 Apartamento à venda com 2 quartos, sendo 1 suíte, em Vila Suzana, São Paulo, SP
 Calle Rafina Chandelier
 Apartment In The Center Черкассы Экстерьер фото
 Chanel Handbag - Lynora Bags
...
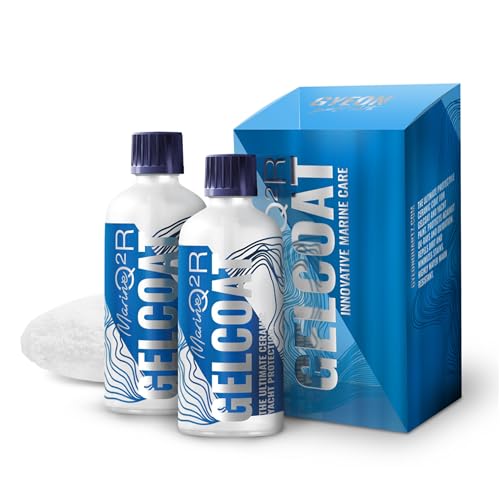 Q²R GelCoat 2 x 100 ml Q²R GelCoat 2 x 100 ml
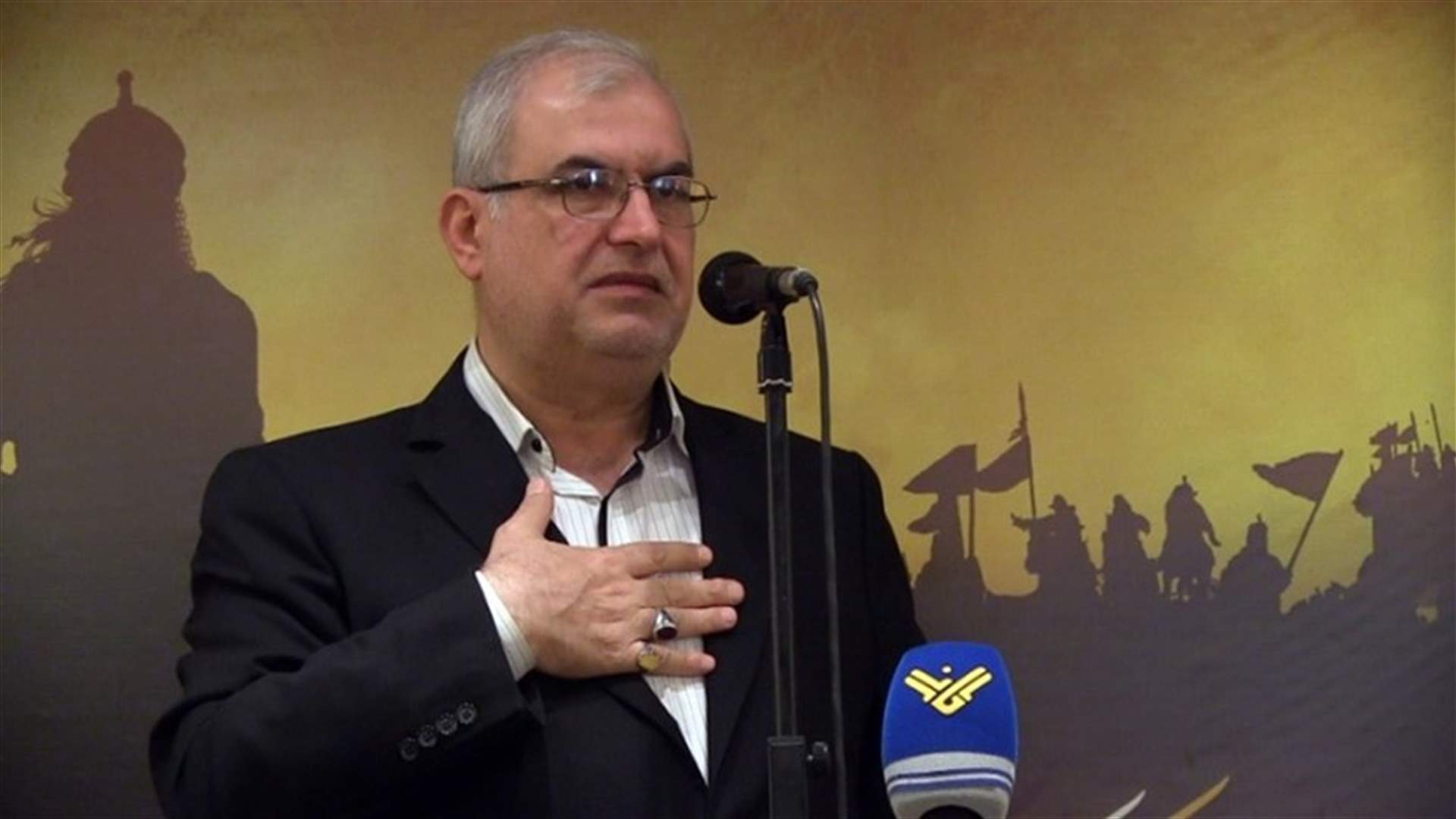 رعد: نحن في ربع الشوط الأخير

Prompt →
In your answer, include only the lines above starting at the line that holds "Apartamento à venda" and ending at the line that holds "Chanel Handbag - Lynora Bags", copied exactly.

Result for this exercise →
 Apartamento à venda com 2 quartos, sendo 1 suíte, em Vila Suzana, São Paulo, SP
 Calle Rafina Chandelier
 Apartment In The Center Черкассы Экстерьер фото
 Chanel Handbag - Lynora Bags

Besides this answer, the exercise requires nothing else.